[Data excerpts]
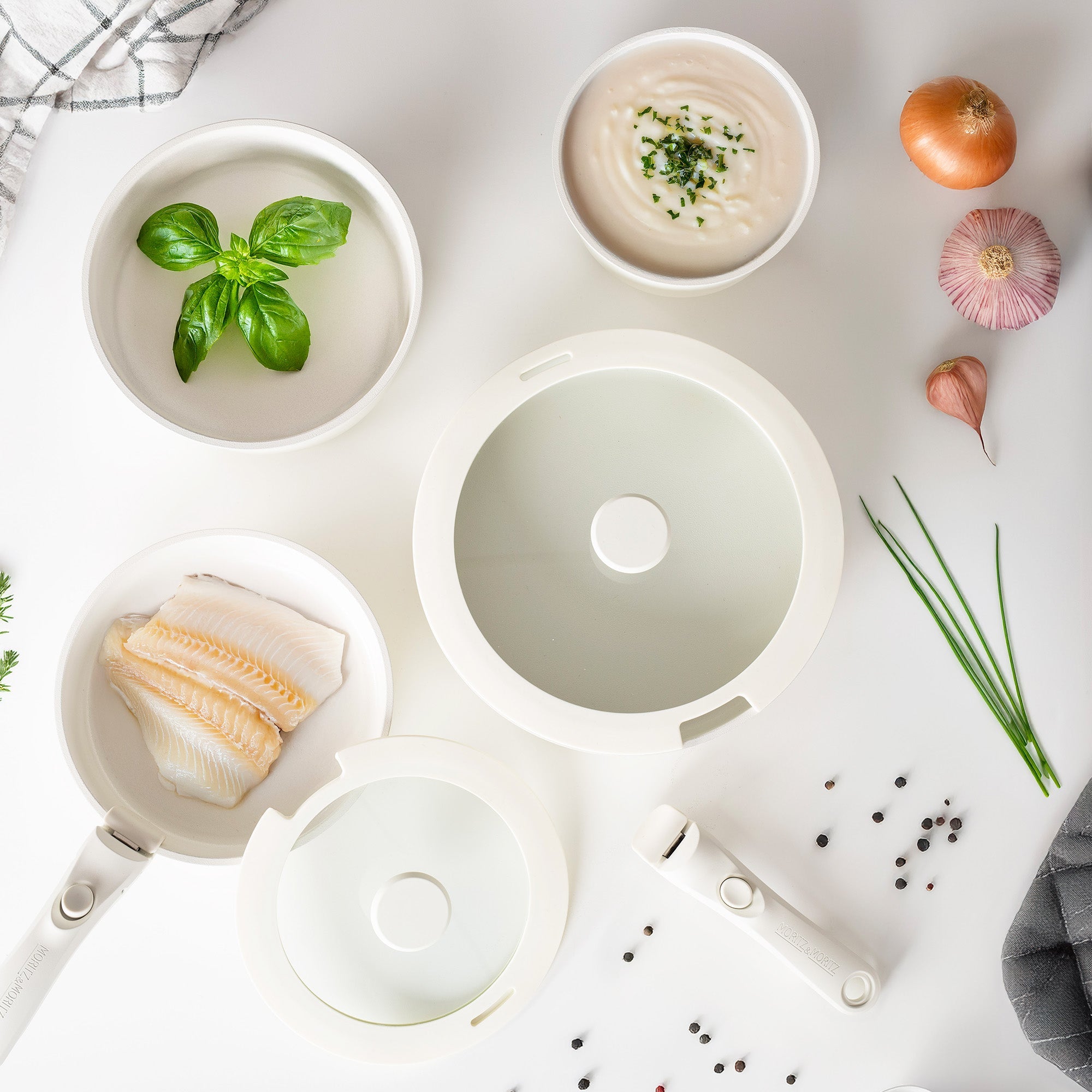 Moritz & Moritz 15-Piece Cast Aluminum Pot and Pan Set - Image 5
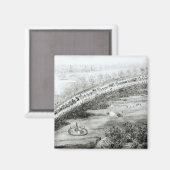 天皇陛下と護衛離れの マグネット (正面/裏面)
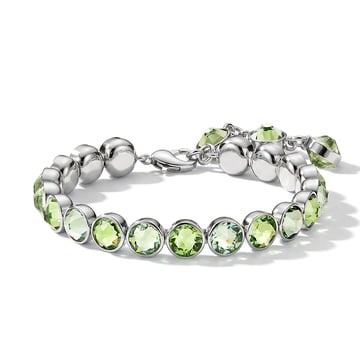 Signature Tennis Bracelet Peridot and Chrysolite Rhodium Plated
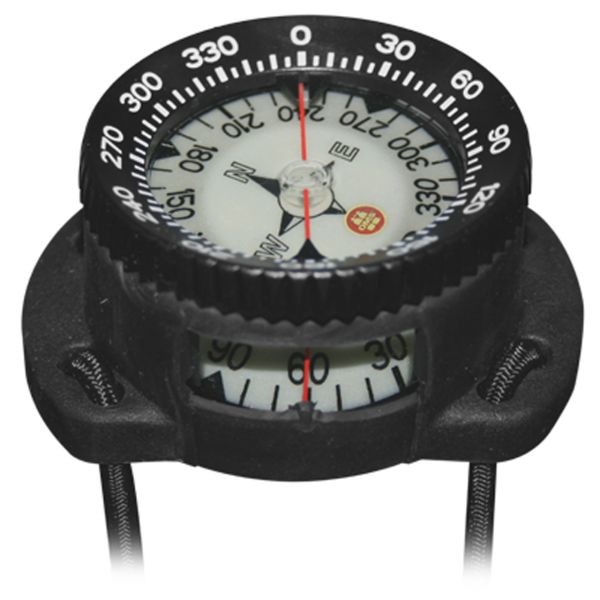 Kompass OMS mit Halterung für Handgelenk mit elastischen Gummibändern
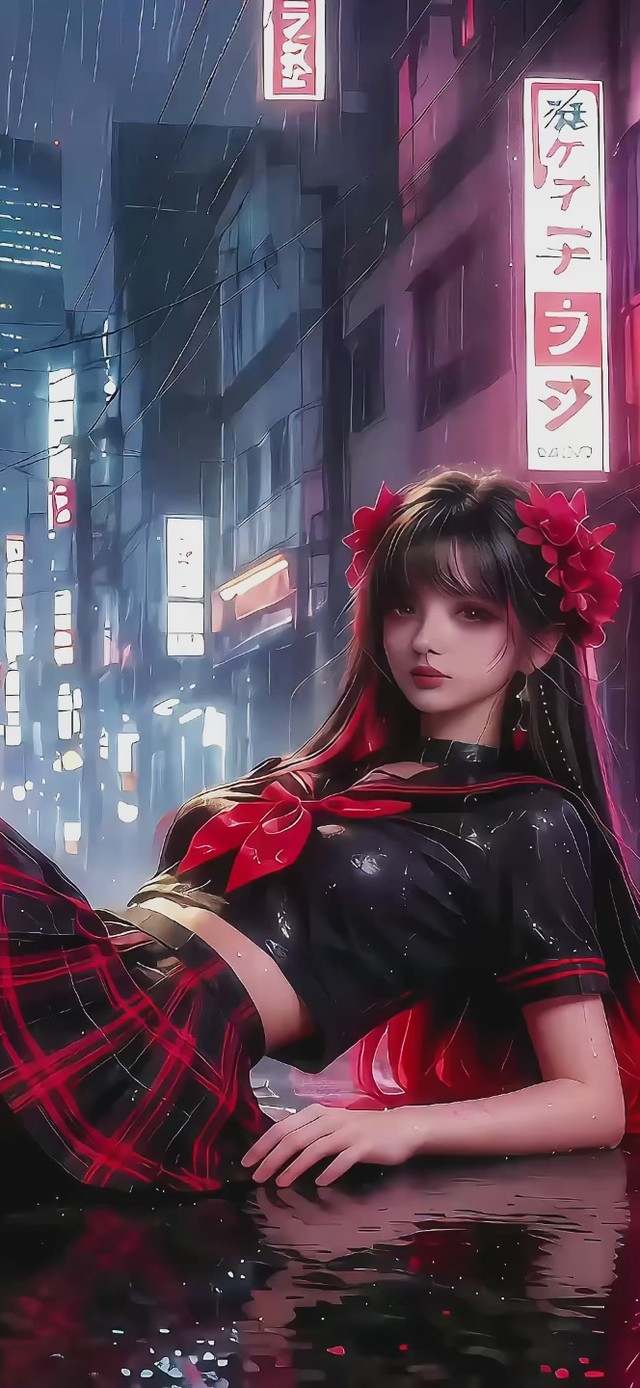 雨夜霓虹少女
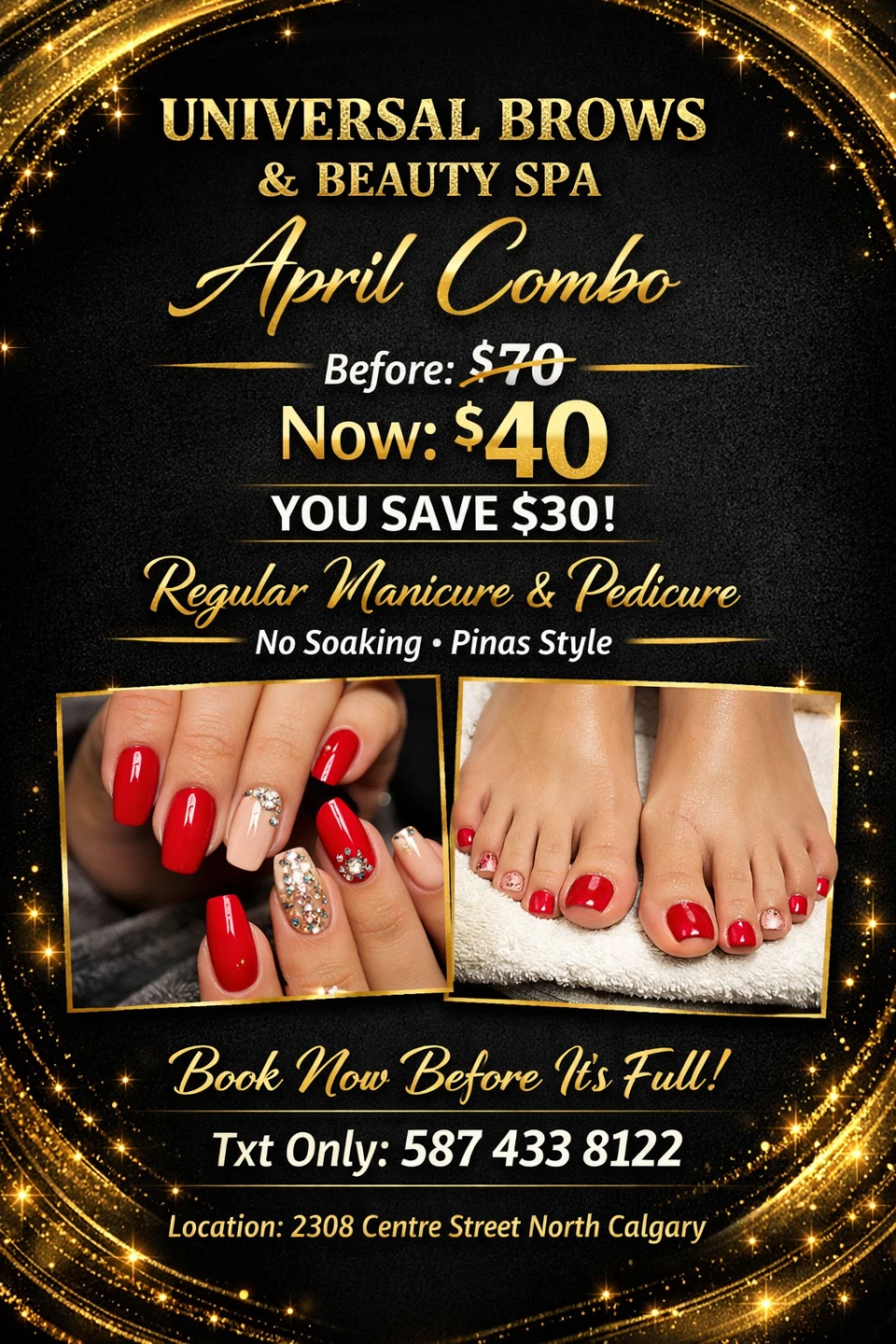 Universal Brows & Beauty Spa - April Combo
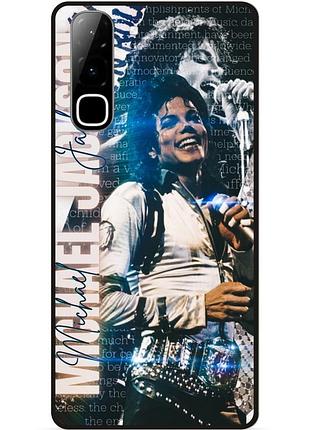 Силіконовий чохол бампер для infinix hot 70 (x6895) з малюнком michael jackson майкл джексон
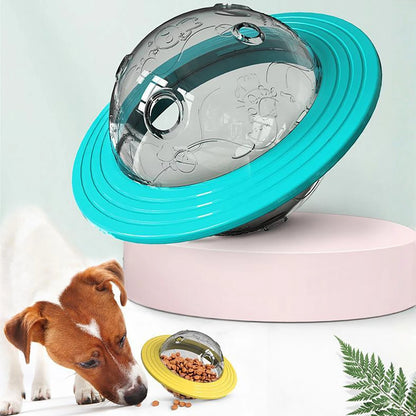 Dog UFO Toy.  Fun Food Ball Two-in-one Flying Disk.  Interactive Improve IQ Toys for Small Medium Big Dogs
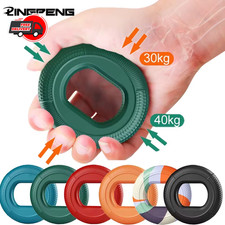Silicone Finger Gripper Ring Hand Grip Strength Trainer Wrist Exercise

• **Aim of the task**: Without the pictures, return the records above exactly as given.

• **Response to this exercise**:
 Moritz & Moritz 15-Piece Cast Aluminum Pot and Pan Set - Image 5
 天皇陛下と護衛離れの マグネット (正面/裏面)
 Signature Tennis Bracelet Peridot and Chrysolite Rhodium Plated
 Kompass OMS mit Halterung für Handgelenk mit elastischen Gummibändern
 雨夜霓虹少女
 Universal Brows & Beauty Spa - April Combo
 Силіконовий чохол бампер для infinix hot 70 (x6895) з малюнком michael jackson майкл джексон
 Dog UFO Toy.  Fun Food Ball Two-in-one Flying Disk.  Interactive Improve IQ Toys for Small Medium Big Dogs
Silicone Finger Gripper Ring Hand Grip Strength Trainer Wrist Exercise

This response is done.